**WHAT YOU ARE ASKED TO DO:** Pictures in the material below are to be left out, and only the lines from the line with "Gantry/Winch Hoist" up to and including the line with "Viola odorata фиалка душистая" are to be written out exactly.

**SUPPLIED RECORDS:**
-------
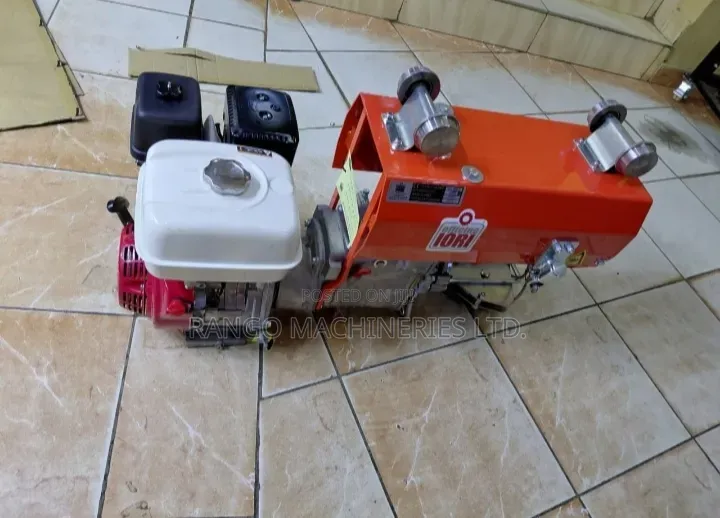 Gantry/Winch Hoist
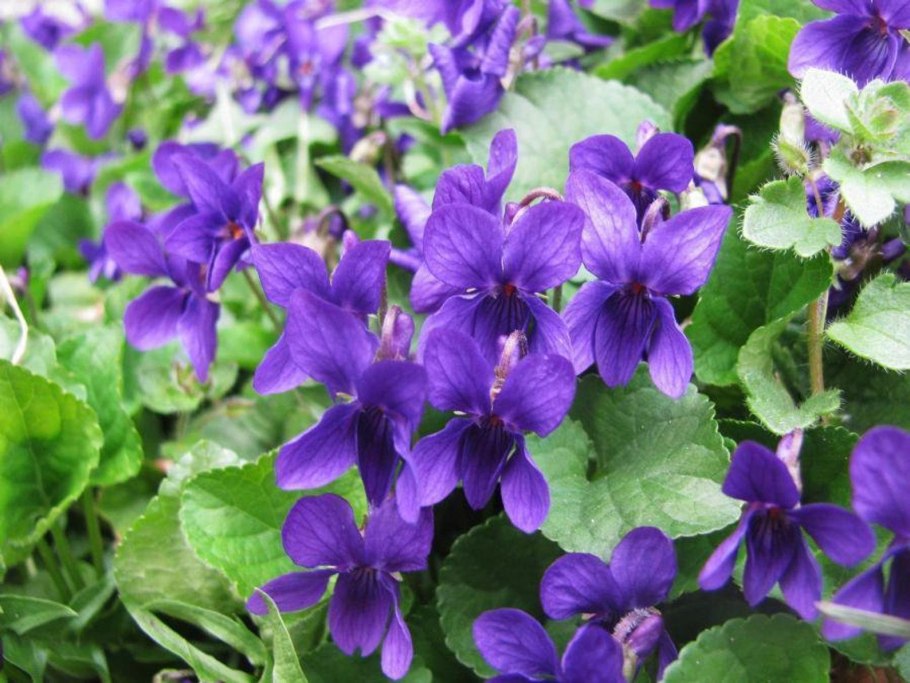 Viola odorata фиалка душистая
-------
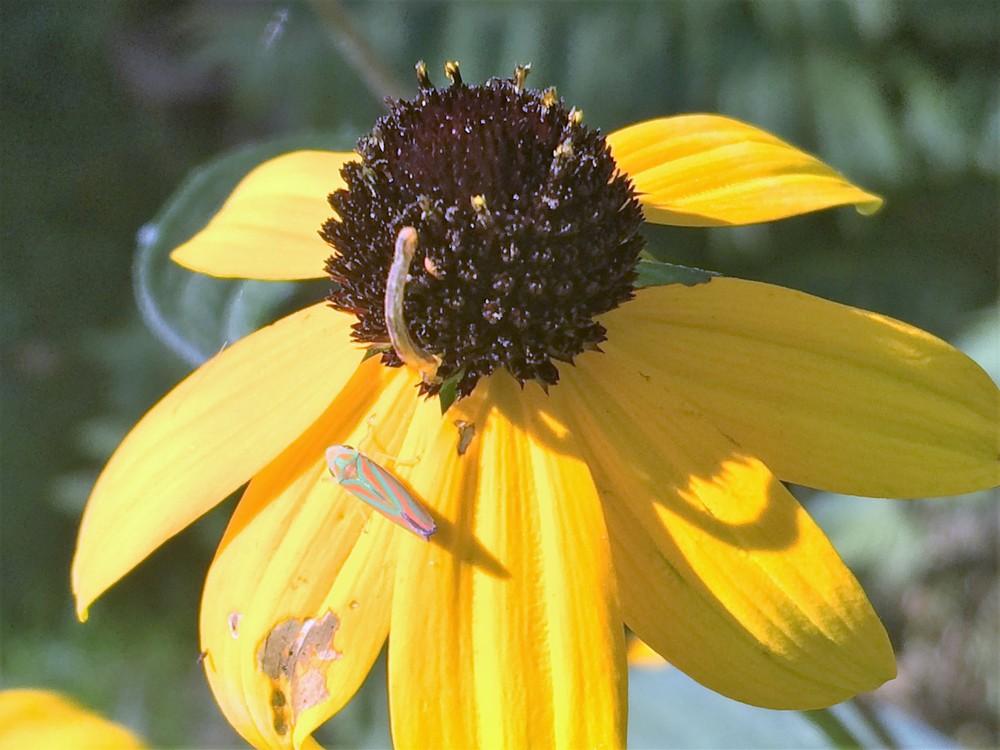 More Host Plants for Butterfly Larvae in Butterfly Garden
-------
**FINAL ANSWER:**
 Gantry/Winch Hoist
 Viola odorata фиалка душистая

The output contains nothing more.